Let me preface this reply with the fact that water doesn't know numbers, it's the flow of shape that matters. Numbers are only a guideline to shaping what looks good to our eyes and feels good to our hands.
That being said the railband dimensions change at 12" from the nose and 12" from the tail due to the tapering foil of the blank's profile and the narrower nose and tail widths than the midpoint.
Most importantly you want to copy the bottom rocker onto the side rail and make that taper slightly in the nose and tail areas. The deck rail bands will affect overall volume of the board and shape of the top rail.
You can do math to calculate the rail mark dimensions at the nose and tail based the change in thickness compared to the midpoint. For example, a 2 1/2" thick midpoint rail mark of 1 5/8" [1.63 / 2.5 = ~60% for a 60/40 rail] will reduce down to 1" if the foil thickness is 1 5/8" @ 12" from the nose (~60%)

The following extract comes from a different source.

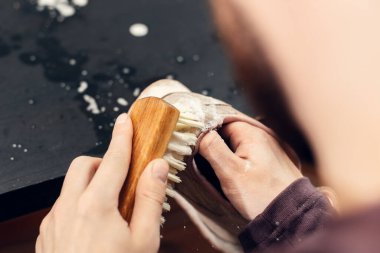 Yıkanma kabında sabunlu suyla spor ayakkabıları. Kirli ayakkabıları yıkamak, atölyede ayakkabıları temizlemek.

You can put your rail marks on the board and trace them out (making a tool for that is fine but I use my hand and drag my pinkie along the edge or bottom to trace the outline or rocker and adjust the curve while walking to hit the rail mark dots - or come close.
Then take a look and if you don't like it, make adjustments. It'll all shape off when tools hit the foam.
The apex is between the rail mark and top of tuck and will appear when screening the rail bands to round them off.